Questo è possibile perché le monadi sono anche legate insieme, perché ognuna è un aspetto del mondo, una rappresentazione meno chiara di tutte le altre. Sono come tante vedute della medesima città, che insieme danno una veduta complessiva dell’universo, espressa invece totalmente nella monade suprema, cioè Dio.
Ogni monade però rappresenta più distintamente il corpo che le si riferisce, ma siccome esso rappresenta l’universo, rappresenta essa stessa l’universo.
Torniamo al problema del rapporto tra anima e corpo. Secondo Leibniz, possono esistere tre spiegazioni:
1) Anima e corpo sono come due orologi che si influenzano l’un l’altro, ma questo non è possibile perché essi seguono leggi eterogenee.
2) Allora può essere vera l'assistenza tra i due: sono due orologi cattivi messi in armonia da un abile operaio in ogni istante. Ma questo prevede di introdurre un “deus ex machina” in ogni evento naturale.
3) non resta che la terza opzione: i due orologi sono stati costruiti con tanta arte da essere sempre d’accordo per il futuro (armonia prestabilita) pur obbedendo a leggi differenti. 

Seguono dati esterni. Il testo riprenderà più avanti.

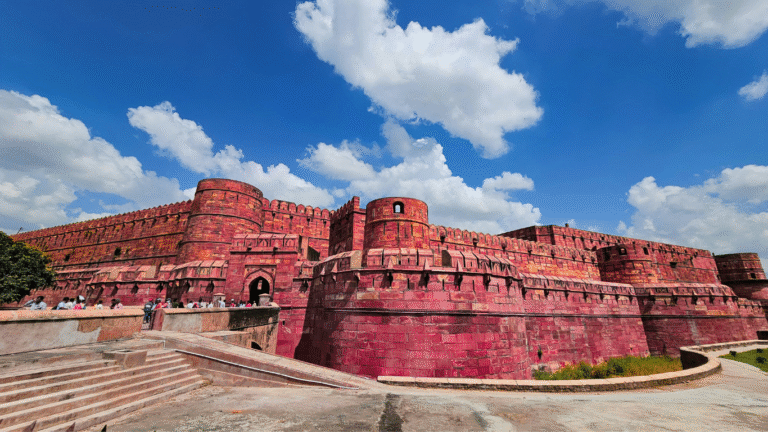 Who Built Agra Fort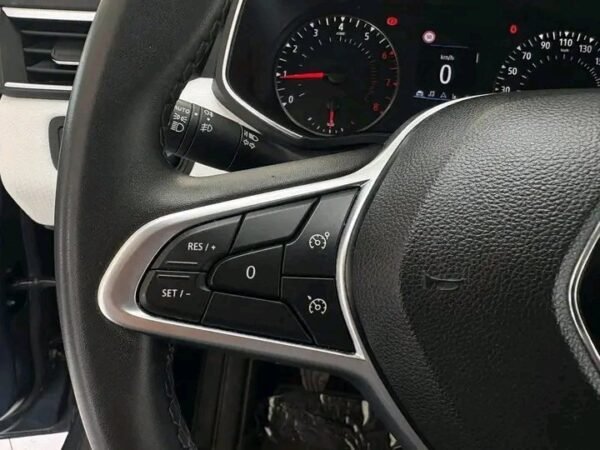 RENAULT CLIO – Image 18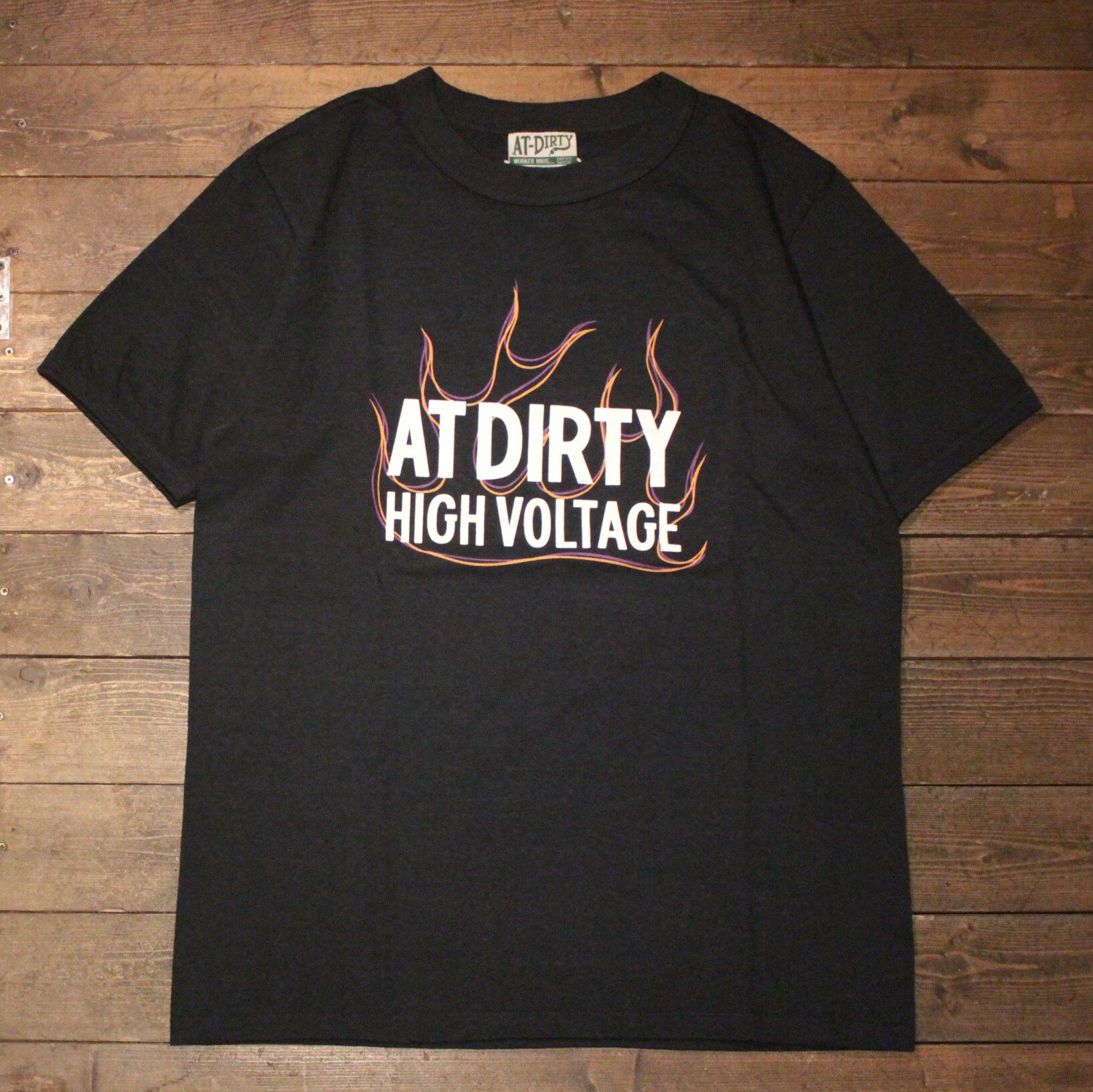 AT-DIRTY"HIGH VOLTAGE"S/S TEEBLACK【AT-DIRTY】(アットダーティー)正規取扱店(Official Dealer)Cannon Ball(キャノンボール)【あす楽対応/半袖Tシャツ/プリントTシャツ】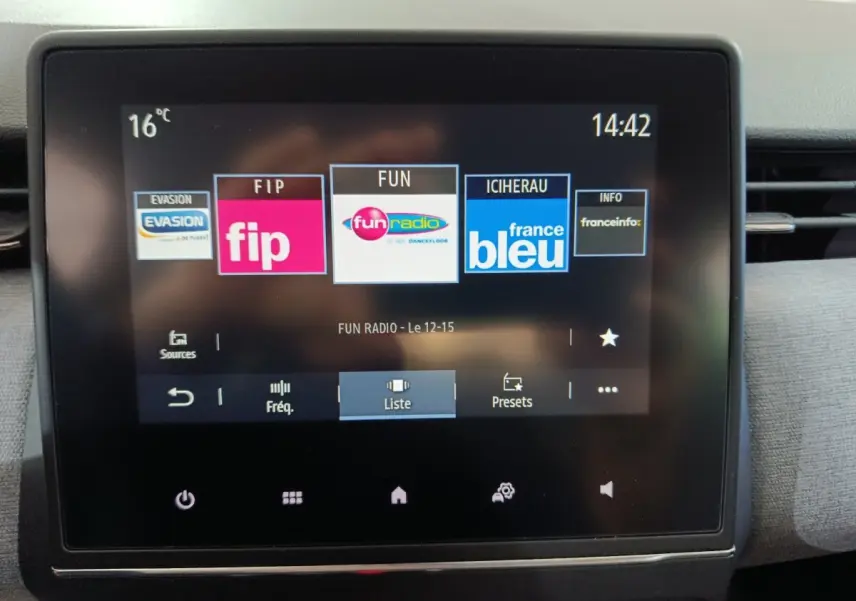 Écran tactile central de la Renault Clio Evolution Blue dCi 100 2025 affichant les stations radio, vue intérieure frontale.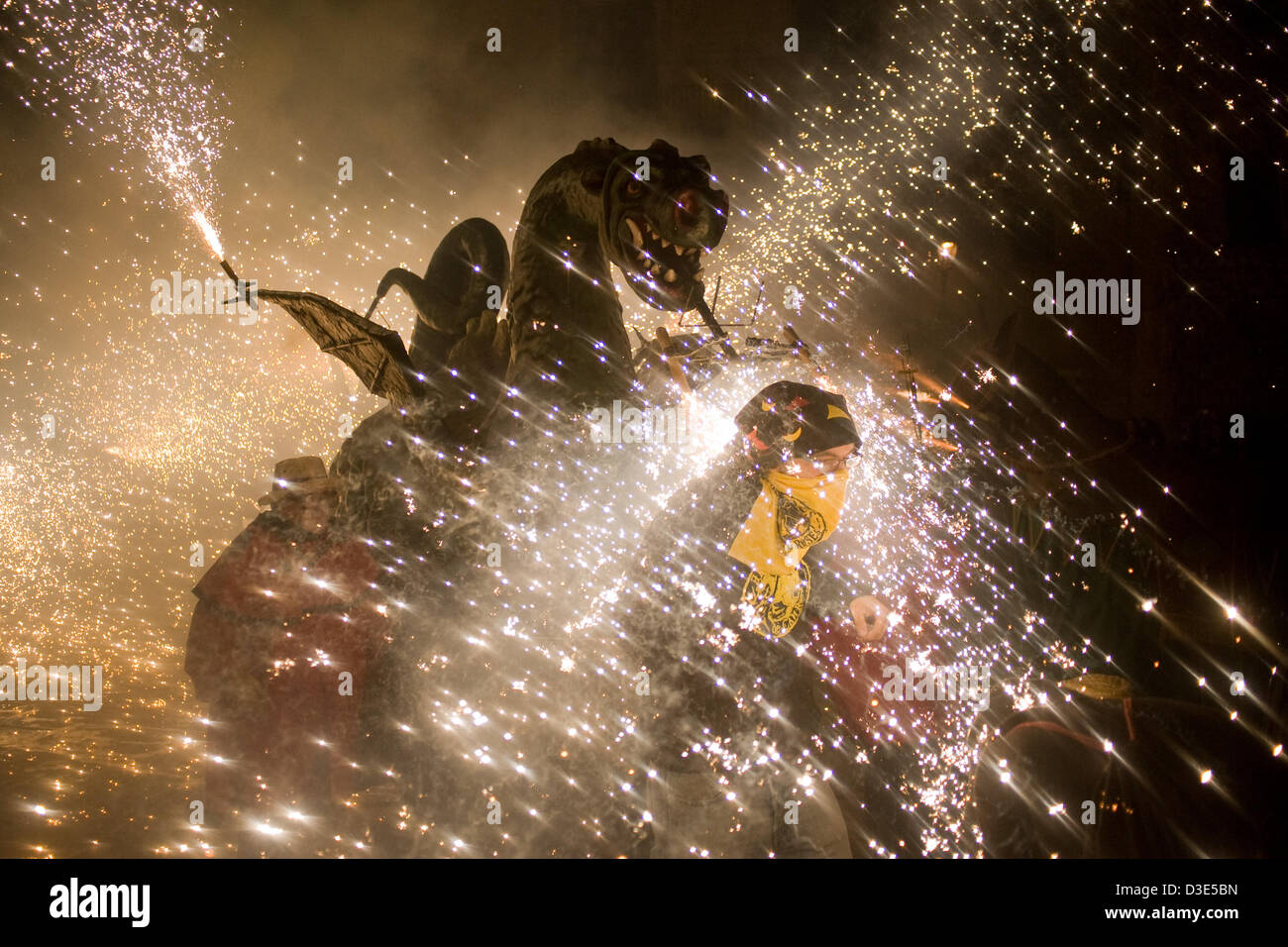 Barcellona, Spagna. 17 Febbraio, 2013. Un drago respira Fuoco su persone. Come parte dei festeggiamenti di Santa Eulalia è stato tenuto un bambini 'Correfoc' nei vicoli del quartiere Gotico di Barcellona. Correfocs sono una vecchia tradizione catalana dove la gente vestita come diavoli Blow up petardi e razzi. Credito: Jordi Boixareu/Alamy Live News Foto Stock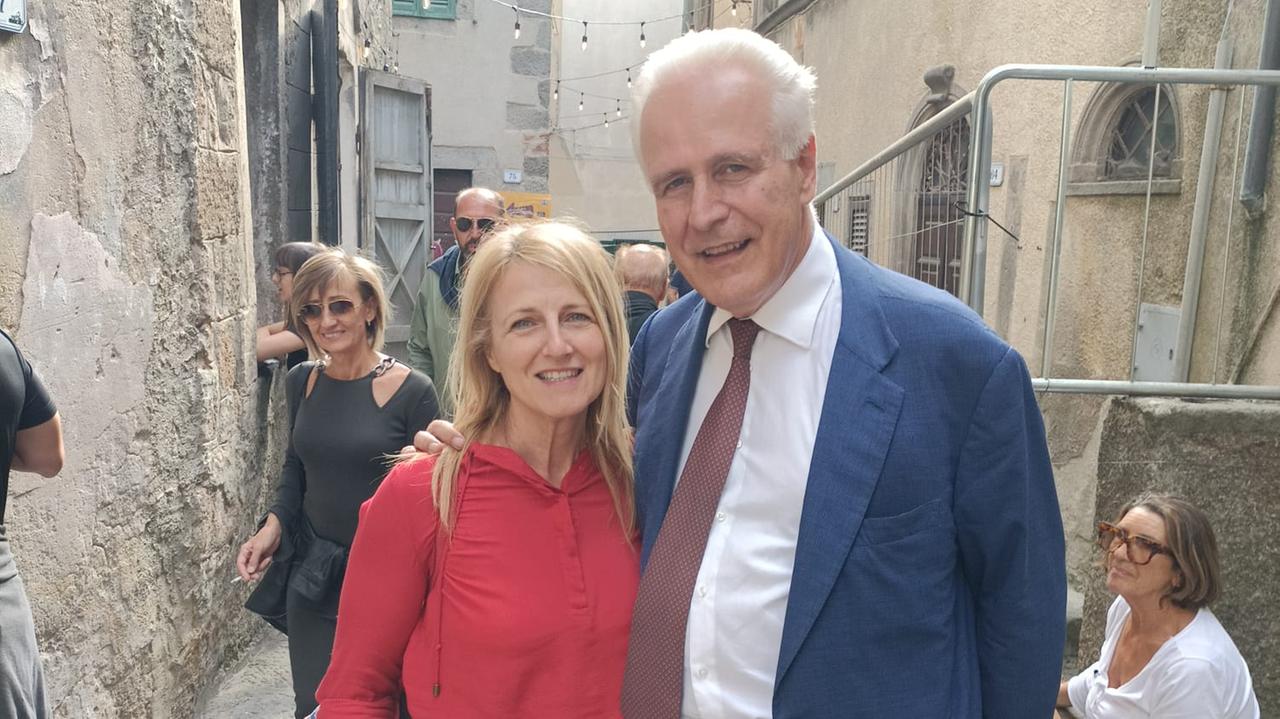 Vincenza Direnzo con il presidente della Regione Eugenio Giani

Il corpo non è quindi influenzato dall’anima: è solo per l’armonia prestabilita al momento della creazione che anima e corpo si trovano in accordo in ogni istante.
Per cui la monade è totalmente innata, poiché non riceve niente dall’esterno, e così pure le sensazioni e le verità.
La monade esce quindi dalla sfera di Dio, ma è una folgorazione continua di Dio, limitata dalla sua imperfezione.
La filosofia di Leibniz diventa dunque speculazione teologica.
L’ultima parte della sua filosofia concerne dunque le prove relative all’esistenza di Dio, finendo poi con le considerazioni sull’esistenza del male e della libertà.